I checked and this refurb Roamio OTA is $250 all-in.
I know I did my homework when I bought the Bolt 2 years ago but I can't remember why I didn't go for the Roamio.
Is this a good deal? What is the downside to Roamio?


----------



## krkaufman (Nov 25, 2003)

CaptainTiVO said:


> I checked and this refurb Roamio OTA is $250 all-in.
> I know I did my homework when I bought the Bolt 2 years ago but I can't remember why I didn't go for the Roamio.
> Is this a good deal? What is the downside to Roamio?


Many, many threads discussing differences, including a few active ones owing to the sale.

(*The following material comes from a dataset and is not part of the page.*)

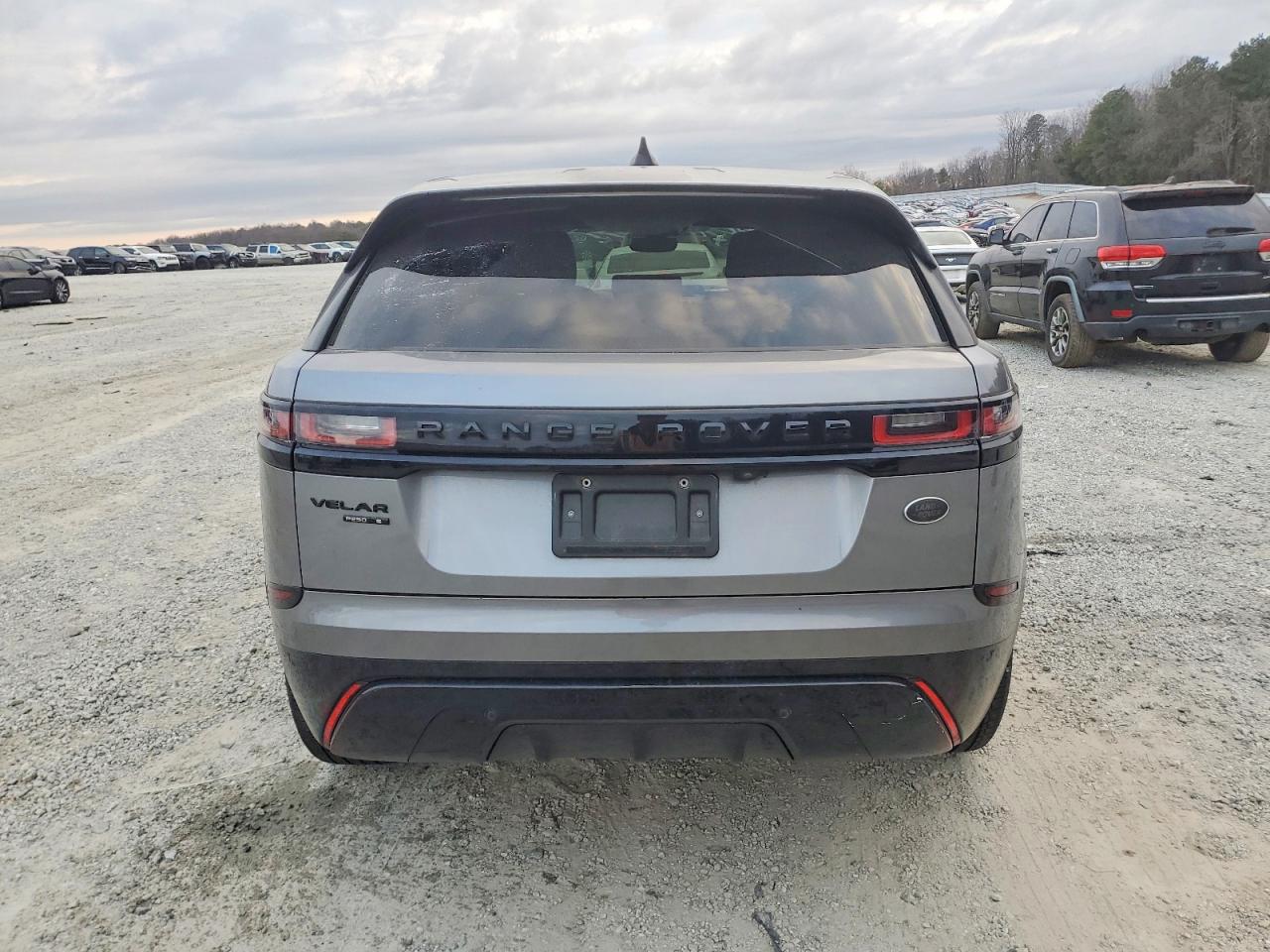 2020 LAND ROVER RANGE ROVER VELAR R-DYNAMIC S photo 6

Main diff b/w Roamio/BOLT *OTA* models are:

BOLT OTA supports mobile streaming built-in; Roamio OTA requires separate Stream device/module for mobile streaming.
BOLT OTA has limited (but still evolving) 4K support, and is faster.
Roamio OTA uses a 3.5" hard drive; BOLT OTA 2.5".
Roamio OTA can currently be modded to support CableCARD; BOLT OTA cannot.
Neither has built-in MoCA capabilities.
Whatever I'm not thinking of.


----------



## CaptainTiVO (Nov 3, 2001)

krkaufman said:


> Many, many threads discussing differences, including a few active ones owing to the sale.
> 
> Main diff b/w Roamio/BOLT *OTA* models are:
> 
> ...


Hmm. This TiVo Roamio OTA DVR says it
"works withTivo Stream"
"Coax/built-in MOCA bridge adapter"
I need the MOCA for some of my minis. It would be nice if they included model numbers for positive ID.


----------



## JoeKustra (Dec 7, 2012)

CaptainTiVO said:


> "works withTivo Stream"
> "Coax/built-in MOCA bridge adapter"


The TiVo Stream is an external box. Discontinued, I bought one on eBay for $50.
No built-in MoCA.
Bottom right:

UPC 851342000216

Model TCD846510

SKU R84651


----------



## CaptainTiVO (Nov 3, 2001)

JoeKustra said:


> The TiVo Stream is an external box. Discontinued, I bought one on eBay for $50.
> No built-in MoCA.
> Bottom right:
> 
> ...


Right thanks for the info. Tivo has really gone downhill.


----------